Not by planning the menu or bulldozing through the flower arrangements.
But by opening your heart. Saying the hard things and trusting them to love you anyway. ”
Fiona sniffs, eyes still glassy. She turns to Hamish, then takes a shaky breath.
“I’m sorry, son,” she says, voice barely above a whisper. “I didna mean ta hurt ye. I was just sae scared. But I see now that I’ve been pushin’ ye away by tryin’ ta hold on too tight.”
Hamish steps forward without hesitation and wraps her in a hug so fierce, it lifts her an inch off her chair. “Ye’ll never lose me, Mum. I promise.”
Mom, who has been quietly dabbing at her eyes with a cocktail napkin (with a tiny drawing of a goat stomping on a heart, because of course ), turns to me.
“I’m sorry too, honey,” she says, voice trembling. “I didn’t see what I was doing. Carol ran away. Shannon's wedding was, well… I probably went a tiny bit over the top."
"TINY?" Dad and I both shout at the same time.
She winces. "I thought I was helping. I didn’t realize I was steamrolling your joy.”
“You were trying your best,” I say, already in her arms. “But now you know better.”
Fiona lets go of Hamish and turns to me. “Come here, Amy. I'm sorry fer how I treated ye, too. Ye didna deserve most of what I said.”
Most?
Eh. Close enough.
I don’t hesitate. The hug is awkward and clumsy and smells faintly of whisky and tension, but it’s real. And when Hamish joins, it becomes one giant, sniffly group hug.
Behind us, I hear a quiet “Thank God.”
It’s Dad, rubbing his forehead with one hand, the other on Fergus’s shoulder.
Fergus nods. “Aye. Finally.” He exhales like he’s been holding his breath for a year. “Can we maybe no’ elope wi' international drama next time?”
"Only doin' this once, Da," Hamish declares.
Damn right.
A long, collective exhale settles over the table. The kind that says Okay. That happened. Mom dabs at her eyes with a cocktail napkin. Fiona mutters something about mascara not being waterproof enough for family trauma.
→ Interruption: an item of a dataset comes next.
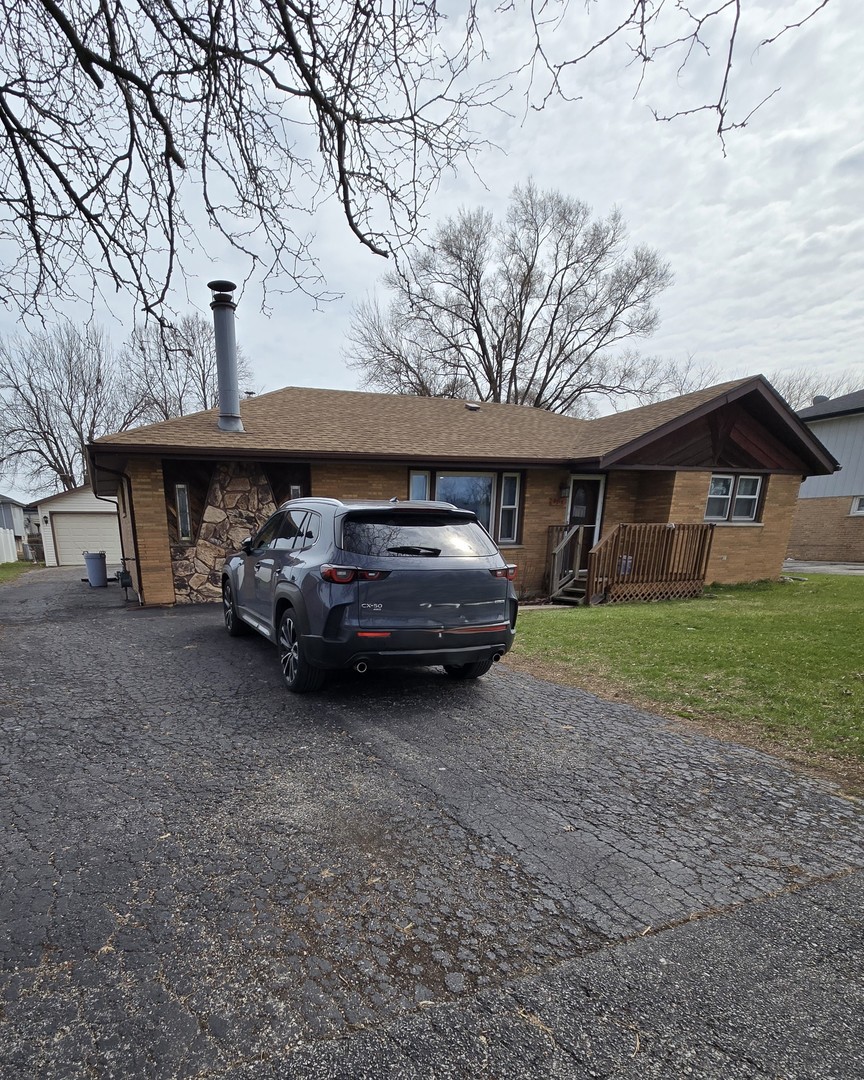 8325 LaPorte Avenue, Burbank, IL 60459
Then Nessa straightens, the picture of calm crisis management. “Right. So, tomorrow, the wedding. Clothing. I need everyone to report in with their bathing suit status.”
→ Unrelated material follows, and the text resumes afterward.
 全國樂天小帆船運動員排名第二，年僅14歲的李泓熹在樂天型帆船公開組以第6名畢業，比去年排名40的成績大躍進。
There’s a beat of silence.
“Bathing suit?” Fiona asks, eyes darting nervously.
“Hot springs wedding,” Hamish reminds her gently.
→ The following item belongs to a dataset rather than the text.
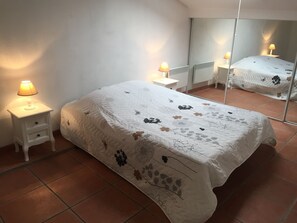 2 chambres, fer et planche à repasser, Wi-Fi, draps fournis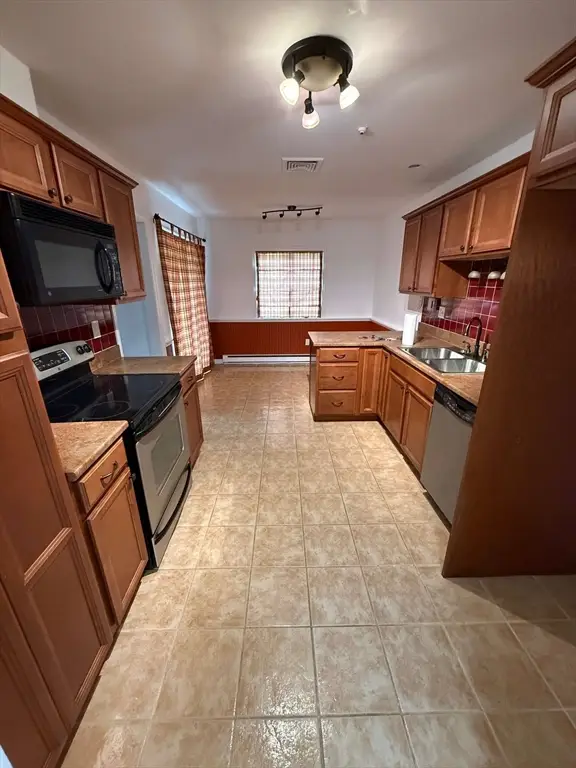 16 Rainbow Pond Dr #A1, Walpole, MA 02081 - #3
“Oh, of course,” she says, as if it’s perfectly normal to forget you’re attending a wedding at a natural geologic feature. “Tha’s no’ what I expected ta wear as mother of the groom. Ye’re, ah, serious about that, son? A wedding in a hot springs?"
"Aye," he replies with just enough growl to issue a warning.
Jason frowns. “I don’t own a bathing suit.”
“You own swim trunks,” Mom corrects him. “You just call them ‘that one pair of cutoffs I don’t hate.’”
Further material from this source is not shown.